• [DATASET RECORDS]
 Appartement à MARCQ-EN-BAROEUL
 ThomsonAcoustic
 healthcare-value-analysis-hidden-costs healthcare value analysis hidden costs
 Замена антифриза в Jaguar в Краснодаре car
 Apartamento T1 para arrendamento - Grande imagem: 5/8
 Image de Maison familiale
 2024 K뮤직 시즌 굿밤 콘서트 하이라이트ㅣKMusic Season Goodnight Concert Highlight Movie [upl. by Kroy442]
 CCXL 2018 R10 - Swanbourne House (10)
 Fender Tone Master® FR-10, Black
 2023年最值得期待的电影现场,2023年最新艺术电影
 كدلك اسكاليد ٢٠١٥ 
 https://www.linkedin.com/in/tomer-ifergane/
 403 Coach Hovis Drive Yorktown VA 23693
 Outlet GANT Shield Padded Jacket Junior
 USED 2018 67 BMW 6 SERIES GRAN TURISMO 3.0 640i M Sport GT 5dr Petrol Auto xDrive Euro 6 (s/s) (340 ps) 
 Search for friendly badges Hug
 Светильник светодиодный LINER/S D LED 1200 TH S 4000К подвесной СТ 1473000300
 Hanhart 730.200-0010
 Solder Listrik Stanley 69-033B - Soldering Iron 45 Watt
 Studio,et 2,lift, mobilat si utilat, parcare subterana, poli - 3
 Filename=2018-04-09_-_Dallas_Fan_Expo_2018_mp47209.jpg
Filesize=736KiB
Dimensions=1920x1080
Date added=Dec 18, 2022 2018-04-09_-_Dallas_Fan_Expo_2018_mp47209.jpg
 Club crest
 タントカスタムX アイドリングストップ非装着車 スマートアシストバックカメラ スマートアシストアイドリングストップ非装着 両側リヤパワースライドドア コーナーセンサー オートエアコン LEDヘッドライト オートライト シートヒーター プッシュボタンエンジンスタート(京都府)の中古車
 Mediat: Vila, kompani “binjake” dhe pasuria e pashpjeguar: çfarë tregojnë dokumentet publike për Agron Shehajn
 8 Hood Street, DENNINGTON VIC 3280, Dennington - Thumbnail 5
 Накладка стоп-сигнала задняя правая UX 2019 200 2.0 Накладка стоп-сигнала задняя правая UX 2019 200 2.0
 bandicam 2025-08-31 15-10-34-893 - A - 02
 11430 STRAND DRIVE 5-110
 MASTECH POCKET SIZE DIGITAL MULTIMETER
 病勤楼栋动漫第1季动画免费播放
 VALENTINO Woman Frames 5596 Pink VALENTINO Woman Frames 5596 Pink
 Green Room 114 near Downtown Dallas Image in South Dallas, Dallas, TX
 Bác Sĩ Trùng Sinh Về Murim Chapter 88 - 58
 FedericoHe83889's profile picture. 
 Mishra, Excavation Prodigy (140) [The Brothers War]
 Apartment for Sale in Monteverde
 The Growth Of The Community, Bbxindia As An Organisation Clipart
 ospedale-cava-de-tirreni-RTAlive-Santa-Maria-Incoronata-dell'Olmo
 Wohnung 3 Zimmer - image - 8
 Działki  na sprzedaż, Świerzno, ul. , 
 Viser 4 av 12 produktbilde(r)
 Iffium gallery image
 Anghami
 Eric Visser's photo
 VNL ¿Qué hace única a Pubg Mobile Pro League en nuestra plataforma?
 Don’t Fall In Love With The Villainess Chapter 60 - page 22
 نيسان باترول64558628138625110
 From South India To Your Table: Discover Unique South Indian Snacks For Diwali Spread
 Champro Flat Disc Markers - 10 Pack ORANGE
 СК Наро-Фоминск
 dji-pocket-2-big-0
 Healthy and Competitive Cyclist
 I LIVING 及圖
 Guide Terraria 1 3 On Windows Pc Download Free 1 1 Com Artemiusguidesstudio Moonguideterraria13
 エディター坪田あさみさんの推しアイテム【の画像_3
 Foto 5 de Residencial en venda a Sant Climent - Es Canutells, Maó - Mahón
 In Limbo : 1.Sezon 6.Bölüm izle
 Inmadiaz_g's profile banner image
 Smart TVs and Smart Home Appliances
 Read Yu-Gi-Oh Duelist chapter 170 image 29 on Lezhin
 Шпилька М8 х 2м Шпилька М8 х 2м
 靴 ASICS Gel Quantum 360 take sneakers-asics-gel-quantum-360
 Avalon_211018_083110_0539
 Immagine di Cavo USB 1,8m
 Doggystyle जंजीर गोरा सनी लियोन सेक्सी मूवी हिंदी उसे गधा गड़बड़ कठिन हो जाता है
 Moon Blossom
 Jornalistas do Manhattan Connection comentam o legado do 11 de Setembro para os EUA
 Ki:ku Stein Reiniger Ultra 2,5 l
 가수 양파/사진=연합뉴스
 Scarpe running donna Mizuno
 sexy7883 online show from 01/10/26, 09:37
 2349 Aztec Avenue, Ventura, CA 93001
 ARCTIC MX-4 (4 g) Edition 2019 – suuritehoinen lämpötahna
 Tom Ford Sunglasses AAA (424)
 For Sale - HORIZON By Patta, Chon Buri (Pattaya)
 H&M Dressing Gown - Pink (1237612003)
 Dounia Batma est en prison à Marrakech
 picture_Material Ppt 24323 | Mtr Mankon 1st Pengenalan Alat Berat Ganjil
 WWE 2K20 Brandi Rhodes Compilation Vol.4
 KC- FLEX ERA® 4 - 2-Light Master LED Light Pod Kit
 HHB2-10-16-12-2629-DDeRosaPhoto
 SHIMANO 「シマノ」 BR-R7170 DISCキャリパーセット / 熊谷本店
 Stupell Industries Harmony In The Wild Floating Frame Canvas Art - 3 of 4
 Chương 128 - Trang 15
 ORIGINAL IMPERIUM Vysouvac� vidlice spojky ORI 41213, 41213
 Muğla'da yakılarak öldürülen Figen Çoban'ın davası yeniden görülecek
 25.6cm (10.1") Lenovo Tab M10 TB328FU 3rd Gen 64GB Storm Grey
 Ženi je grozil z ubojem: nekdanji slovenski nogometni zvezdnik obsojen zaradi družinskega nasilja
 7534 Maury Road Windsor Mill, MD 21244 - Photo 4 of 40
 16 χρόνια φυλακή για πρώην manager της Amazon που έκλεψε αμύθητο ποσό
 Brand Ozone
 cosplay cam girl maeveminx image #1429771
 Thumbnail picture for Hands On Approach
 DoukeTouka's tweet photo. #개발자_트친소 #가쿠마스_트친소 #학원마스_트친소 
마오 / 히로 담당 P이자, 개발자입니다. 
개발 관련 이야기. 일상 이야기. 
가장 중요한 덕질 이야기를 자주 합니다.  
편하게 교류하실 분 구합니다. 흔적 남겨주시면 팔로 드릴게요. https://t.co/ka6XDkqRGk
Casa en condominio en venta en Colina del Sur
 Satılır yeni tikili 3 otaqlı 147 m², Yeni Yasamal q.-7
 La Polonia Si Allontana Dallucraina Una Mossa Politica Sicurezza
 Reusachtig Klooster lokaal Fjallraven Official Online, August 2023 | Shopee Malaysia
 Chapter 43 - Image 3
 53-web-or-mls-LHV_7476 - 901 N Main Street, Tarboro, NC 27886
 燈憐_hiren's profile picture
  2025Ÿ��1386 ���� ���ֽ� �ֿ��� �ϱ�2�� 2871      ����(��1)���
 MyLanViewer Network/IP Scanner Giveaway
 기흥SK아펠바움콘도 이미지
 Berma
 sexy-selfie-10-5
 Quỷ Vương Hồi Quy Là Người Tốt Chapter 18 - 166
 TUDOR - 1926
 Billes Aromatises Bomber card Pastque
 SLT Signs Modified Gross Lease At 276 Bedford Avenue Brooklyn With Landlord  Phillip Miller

• [WHAT THE TASK REQUIRES] Go through the listing above and return every line where the word "Thumbnail" occurs.

• [ANSWER SECTION]
 8 Hood Street, DENNINGTON VIC 3280, Dennington - Thumbnail 5
 Thumbnail picture for Hands On Approach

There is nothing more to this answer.